Ministro Aloysio Corrêa da Veiga
Foto: Secom TST

O relator dos embargos, ministro Aloysio Corrêa da Veiga, disse que se trata de um caso peculiar, porque a dispensa ocorrera não por ato discriminatório contra o próprio empregado, mas por ele manter amizade com desafetos de um de seus diretores.

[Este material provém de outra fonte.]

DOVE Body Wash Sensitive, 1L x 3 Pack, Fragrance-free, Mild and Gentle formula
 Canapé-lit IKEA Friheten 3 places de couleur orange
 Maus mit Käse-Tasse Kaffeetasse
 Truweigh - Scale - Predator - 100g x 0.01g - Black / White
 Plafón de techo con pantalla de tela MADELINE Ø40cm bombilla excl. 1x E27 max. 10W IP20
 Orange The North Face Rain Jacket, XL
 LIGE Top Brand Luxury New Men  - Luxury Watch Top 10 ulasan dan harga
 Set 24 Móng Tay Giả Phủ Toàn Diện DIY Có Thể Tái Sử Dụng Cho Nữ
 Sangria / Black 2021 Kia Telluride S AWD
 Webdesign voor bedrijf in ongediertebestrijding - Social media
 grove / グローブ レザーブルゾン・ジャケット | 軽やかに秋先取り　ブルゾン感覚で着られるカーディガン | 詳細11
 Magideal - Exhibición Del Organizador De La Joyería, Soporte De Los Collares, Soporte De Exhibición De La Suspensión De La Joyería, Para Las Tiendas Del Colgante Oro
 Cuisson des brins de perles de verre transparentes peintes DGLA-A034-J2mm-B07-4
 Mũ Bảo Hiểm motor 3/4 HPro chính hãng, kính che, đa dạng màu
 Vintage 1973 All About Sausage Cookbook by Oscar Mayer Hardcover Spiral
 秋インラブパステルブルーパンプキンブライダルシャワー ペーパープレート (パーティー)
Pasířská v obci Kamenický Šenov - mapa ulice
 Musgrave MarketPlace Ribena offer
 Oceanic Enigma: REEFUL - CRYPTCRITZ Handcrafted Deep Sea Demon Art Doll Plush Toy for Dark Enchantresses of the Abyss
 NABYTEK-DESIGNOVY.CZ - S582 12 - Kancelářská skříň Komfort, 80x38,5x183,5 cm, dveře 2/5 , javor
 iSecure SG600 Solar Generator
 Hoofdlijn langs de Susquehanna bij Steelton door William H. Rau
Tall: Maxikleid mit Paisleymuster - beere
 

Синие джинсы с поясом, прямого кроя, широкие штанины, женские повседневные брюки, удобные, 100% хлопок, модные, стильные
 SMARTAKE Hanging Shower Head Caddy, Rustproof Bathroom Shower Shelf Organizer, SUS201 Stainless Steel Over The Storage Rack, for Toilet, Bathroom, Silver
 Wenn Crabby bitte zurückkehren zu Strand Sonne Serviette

A seu ver, essa espécie de ‘‘discriminação por ricochete’’ requer uma reflexão sobre os limites do poder diretivo do empregador e a amplitude da função social do contrato de trabalho e da inibição do exercício abusivo desse direito.

Poder potestativo

Segundo o ministro, o poder potestativo do empregador de dispensar empregados tem previsão no artigo 2º da CLT. Entretanto, esse está vinculado ao exercício de todas as atividades administrativas da empresa, como organizar regras de trabalho, fiscalizar e mesmo aplicar punições. ‘‘Esse poder decorre da necessidade de controlar a prestação dos serviços para o fim de conferir a produção e a qualidade do produto final do trabalho’’, explicou.

Dignidade ferida

No caso dos autos, contudo, a conduta empresarial de demitir o empregado em razão de suas relações pessoais atinge a dignidade e causa sofrimento.

‘‘Não há como admitir que ofensa relacionada com a qualidade física de amigos pessoais seja argumento para demissão de um empregado, quando o poder diretivo tem limite na qualidade do trabalho e no cumprimento das regras empresariais – que, no caso, não foram fundamento da dispensa’’, assinalou.

Vedação legal

O relator observou, ainda, que o artigo 1º da Lei 9.029/1995 veda a discriminação ‘‘por motivo de sexo, origem, raça, cor, estado civil, situação familiar, deficiência, reabilitação profissional, idade, entre outros’’. Trata-se, segundo ele, de um rol exemplificativo. ‘‘Cabe entender que a discriminação pode ocorrer de várias formas, incumbindo apenas decifrar se a intenção do empregador está vinculada ou não ao trabalho, já que nem sempre as razões efetivas são enunciadas de forma tão explícita’’, ressaltou.

Para o ministro, a dispensa infundada, com fundamento na amizade do empregado com pessoa desafeta do empregador, ‘‘e, mais ainda, quando a razão da inimizade decorre de aversão descabida a características físicas dessas pessoas’’, sustenta o entendimento de efetiva discriminação, que deve ser repudiada.

Com o reconhecimento da dispensa discriminatória, foi restabelecida a decisão do TRT, e o processo retornará à Quarta Turma para o exame dos demais temas do recurso.